Neymar deu uma paradona. Com tanta convicção e classe que fez o goleiro Rogério Ceni cair de modo pouco condizente com sua categoria e compostura. Acontece. O próprio Rogério já usou o recurso quando na posição de cobrador. Ouço dizer que cobranças desse tipo são injustiças que se cometem contra o goleiro - a mais ingrata das posições, no jargão dos boleiros. Ora, peço licença para discordar. A posição de goleiro é mesmo ingrata (onde ele joga não nasce grama, diziam os antigos) e poucas humilhações do mundo se comparam às de um frango clássico, a bola tomada no meio das pernas.
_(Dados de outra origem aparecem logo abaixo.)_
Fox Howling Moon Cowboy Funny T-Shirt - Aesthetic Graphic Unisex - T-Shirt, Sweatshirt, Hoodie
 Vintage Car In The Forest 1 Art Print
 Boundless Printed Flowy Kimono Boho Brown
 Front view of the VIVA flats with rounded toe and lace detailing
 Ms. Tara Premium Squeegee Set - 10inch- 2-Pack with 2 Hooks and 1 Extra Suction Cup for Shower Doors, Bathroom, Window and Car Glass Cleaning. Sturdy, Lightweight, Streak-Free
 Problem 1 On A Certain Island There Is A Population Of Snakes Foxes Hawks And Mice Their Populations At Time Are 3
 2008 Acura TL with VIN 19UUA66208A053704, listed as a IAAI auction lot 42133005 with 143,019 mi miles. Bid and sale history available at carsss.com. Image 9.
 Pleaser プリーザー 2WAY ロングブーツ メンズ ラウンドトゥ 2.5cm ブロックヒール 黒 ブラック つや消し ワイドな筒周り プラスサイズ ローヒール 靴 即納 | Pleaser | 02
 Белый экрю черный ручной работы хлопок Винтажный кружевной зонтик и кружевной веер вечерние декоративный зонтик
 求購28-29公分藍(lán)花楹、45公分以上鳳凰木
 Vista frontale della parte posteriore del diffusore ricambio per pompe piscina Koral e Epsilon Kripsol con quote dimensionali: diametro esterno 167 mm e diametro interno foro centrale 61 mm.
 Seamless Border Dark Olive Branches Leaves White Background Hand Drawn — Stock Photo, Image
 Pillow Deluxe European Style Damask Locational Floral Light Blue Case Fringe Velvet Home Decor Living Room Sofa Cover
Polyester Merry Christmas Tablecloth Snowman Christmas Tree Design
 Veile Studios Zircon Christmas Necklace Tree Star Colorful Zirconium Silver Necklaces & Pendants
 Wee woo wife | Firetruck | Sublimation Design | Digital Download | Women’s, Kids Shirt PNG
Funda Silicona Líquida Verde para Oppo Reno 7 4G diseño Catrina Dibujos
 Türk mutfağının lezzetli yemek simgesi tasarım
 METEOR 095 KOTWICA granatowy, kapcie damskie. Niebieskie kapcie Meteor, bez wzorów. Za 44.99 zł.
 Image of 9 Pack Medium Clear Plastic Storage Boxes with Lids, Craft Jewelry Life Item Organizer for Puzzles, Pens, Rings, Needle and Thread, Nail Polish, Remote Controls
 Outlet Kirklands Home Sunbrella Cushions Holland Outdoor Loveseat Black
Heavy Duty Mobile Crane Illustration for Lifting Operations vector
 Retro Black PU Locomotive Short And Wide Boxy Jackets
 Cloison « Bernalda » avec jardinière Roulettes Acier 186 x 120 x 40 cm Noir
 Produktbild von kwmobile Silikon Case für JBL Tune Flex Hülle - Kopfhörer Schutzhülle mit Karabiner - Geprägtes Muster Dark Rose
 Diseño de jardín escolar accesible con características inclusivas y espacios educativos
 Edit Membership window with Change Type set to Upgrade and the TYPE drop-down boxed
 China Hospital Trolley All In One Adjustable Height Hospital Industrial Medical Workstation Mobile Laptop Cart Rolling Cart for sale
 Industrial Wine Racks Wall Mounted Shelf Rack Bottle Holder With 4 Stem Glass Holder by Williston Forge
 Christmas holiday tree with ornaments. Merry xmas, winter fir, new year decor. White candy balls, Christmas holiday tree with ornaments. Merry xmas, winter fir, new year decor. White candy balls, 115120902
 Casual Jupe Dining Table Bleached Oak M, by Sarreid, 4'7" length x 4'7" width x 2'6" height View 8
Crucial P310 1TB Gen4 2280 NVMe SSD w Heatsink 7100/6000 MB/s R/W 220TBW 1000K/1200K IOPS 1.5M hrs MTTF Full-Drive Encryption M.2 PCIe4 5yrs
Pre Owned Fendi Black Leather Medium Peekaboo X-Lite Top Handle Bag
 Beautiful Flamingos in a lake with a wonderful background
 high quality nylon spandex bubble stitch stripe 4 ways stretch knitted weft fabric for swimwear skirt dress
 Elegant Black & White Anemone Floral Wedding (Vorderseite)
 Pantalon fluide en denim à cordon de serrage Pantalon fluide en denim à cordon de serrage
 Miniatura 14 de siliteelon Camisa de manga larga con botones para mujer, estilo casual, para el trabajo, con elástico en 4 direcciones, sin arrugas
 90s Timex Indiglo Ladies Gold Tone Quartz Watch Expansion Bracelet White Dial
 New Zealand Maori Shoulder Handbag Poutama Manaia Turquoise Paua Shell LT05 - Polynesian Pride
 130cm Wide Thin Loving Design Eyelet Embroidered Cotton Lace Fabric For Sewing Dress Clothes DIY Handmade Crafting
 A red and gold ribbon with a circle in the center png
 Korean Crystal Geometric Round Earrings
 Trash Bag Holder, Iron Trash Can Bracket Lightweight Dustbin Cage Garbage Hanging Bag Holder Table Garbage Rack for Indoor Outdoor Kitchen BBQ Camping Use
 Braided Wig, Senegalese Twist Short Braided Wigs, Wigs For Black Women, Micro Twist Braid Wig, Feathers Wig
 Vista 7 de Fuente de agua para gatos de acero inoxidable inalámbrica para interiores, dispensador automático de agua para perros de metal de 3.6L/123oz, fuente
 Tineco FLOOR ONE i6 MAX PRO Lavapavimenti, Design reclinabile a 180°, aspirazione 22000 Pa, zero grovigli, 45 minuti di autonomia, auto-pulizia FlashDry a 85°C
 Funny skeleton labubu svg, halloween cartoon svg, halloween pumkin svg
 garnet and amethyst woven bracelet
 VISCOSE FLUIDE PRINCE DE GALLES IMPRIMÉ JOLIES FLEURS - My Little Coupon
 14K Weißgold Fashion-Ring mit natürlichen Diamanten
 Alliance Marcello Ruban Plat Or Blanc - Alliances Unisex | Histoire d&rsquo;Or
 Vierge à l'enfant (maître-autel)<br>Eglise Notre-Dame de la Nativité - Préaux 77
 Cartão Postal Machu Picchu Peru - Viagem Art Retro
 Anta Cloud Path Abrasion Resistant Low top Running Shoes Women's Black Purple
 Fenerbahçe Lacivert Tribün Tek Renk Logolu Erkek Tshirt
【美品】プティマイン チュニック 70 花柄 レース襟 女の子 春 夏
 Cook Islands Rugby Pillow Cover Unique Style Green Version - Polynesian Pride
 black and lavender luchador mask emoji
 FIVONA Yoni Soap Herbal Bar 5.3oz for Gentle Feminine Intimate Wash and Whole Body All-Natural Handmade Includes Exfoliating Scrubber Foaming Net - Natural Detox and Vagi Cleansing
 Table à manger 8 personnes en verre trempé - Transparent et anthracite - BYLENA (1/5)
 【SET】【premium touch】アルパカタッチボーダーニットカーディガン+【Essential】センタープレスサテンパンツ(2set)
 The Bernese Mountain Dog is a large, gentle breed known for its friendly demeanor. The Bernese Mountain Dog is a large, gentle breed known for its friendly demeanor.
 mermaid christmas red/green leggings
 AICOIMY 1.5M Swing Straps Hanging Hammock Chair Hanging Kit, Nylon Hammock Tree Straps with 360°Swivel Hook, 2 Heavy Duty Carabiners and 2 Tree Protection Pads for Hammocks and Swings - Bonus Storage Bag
Mas, na hora do pênalti, a equação se inverte e o goleiro tem todos os privilégios. Se tomar o gol, ninguém irá contestá-lo - ainda que a bola seja chutada no meio da meta e ele já estiver caído para um dos lados. Se defender, mesmo uma cobrança defeituosa, será chamado de herói.
No pênalti, todo o peso recai sobre o cobrador. Ele é quem tem a responsabilidade de converter um gol já feito. Sim, porque pênalti bem batido é bola na rede. Não há como defender. A paradinha é recurso do cobrador. Recurso de risco. Qual é o pavor de quem dá uma paradinha (ou paradona, tanto faz)? Que o goleiro não se mexa, fique ele próprio estático no meio do gol. Ou seja, a paradinha do atacante se combate com a parada do goleiro. E, assim, o cobrador vê-se obrigado a definir o chute, tendo já perdido o impulso da corrida. Nesse caso, terá de contar com precisão e sangue-frio de neurocirurgião para, sem grande força, colocar a bola fora do alcance do goleiro, no canto baixo ou no ângulo. Conclusão: quem dá paradinha tem de confiar plenamente em seu taco. É uma virtude psicológica, tanto mais admirável em um garoto de 18 anos diante de um dos mais completos e experientes goleiros do País.
E quanto ao gol de Robinho? Ora, um gol de letra dispensa palavras.